An enzyme known as renalase which is secreted into the blood from the kidneys and plays a role in regulating blood pressure and fighting inflammation is a key factor for one’s ability to overcome the deadly virus.

The study found that those who had lower levels of this enzyme in their body were 68 percent more likely to be affected with breathing difficulties and were therefore more likely to need a ventilator.

It was also discovered that those patients with lower levels of renalase who were hospitalised were more likely to die from the novel coronavirus.

What is renalase?

Renalase is an enzyme hormone secreted by the kidney and helps to circulate blood and blood pressure.

Renalase is highly expressed in the kidney, expressed at a lower level in the heart, skeletal muscle and small intestine.

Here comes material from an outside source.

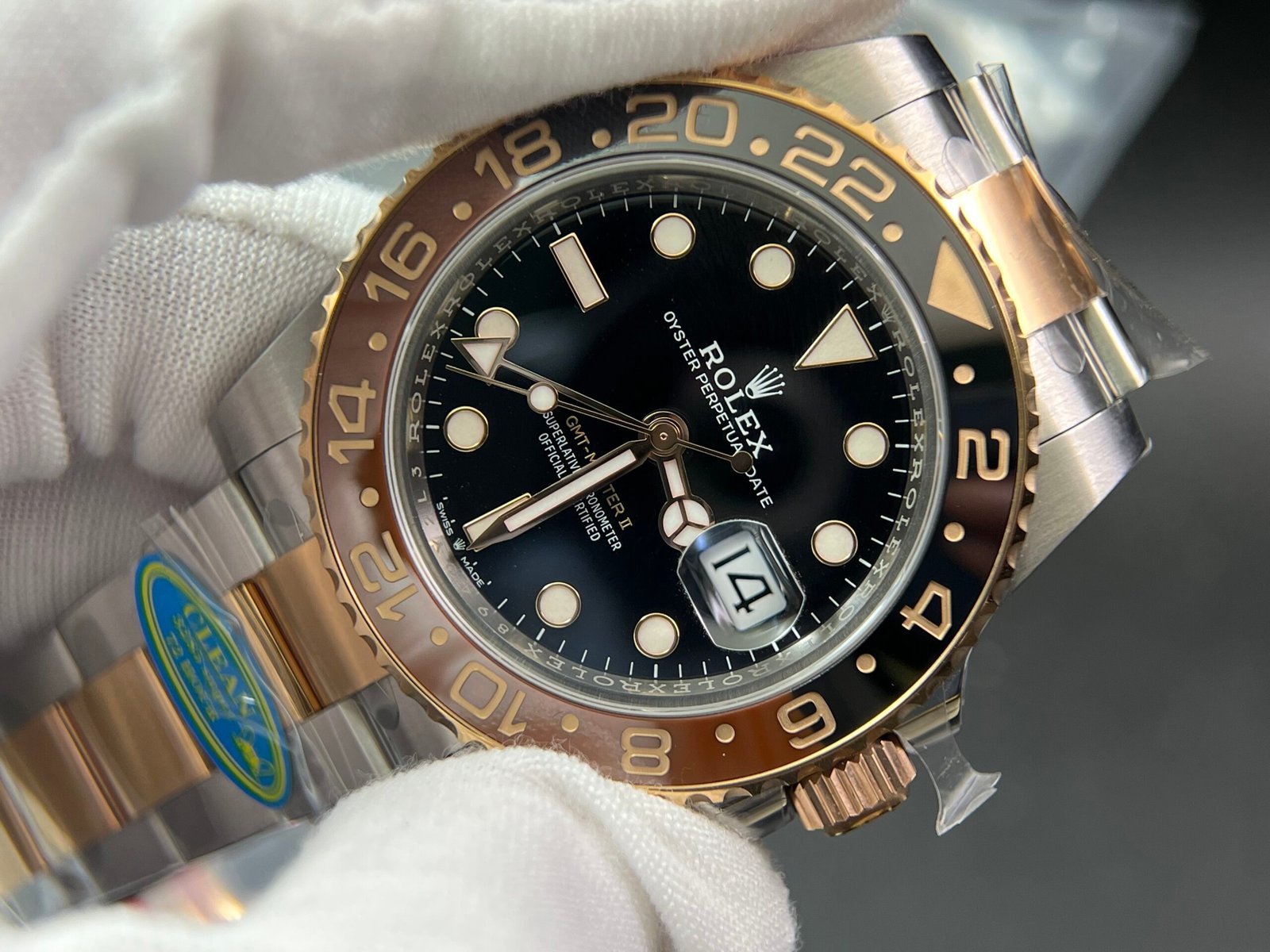 GMT-Master II 126711 CHNR Black/Brown Ceramic Clean Factory Best Edition on SS/RG Bracelet DD3285 V3 version - Image 4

One protein which protects against acute injury, including ischemic injury to both the kidney and the heart, is renalase.

What the study said

Researchers from the study which was published in analysed levels of renalase in 51 coronavirus patients at Yale New Haven Hospital.

The results showed that the 14 patients with the lowest levels of renalase experienced more severe symptoms from COVID-19.

The study found that 84 percent of COVID-19 patients with low levels needed mechanical ventilations, compared to 50 percent of those with high levels.

Dr Gary Desir, chair of internal medicine at Yale School of Medicine and author of the study said: “We want to investigate whether giving patients renalase protein agonists can improve outcomes.”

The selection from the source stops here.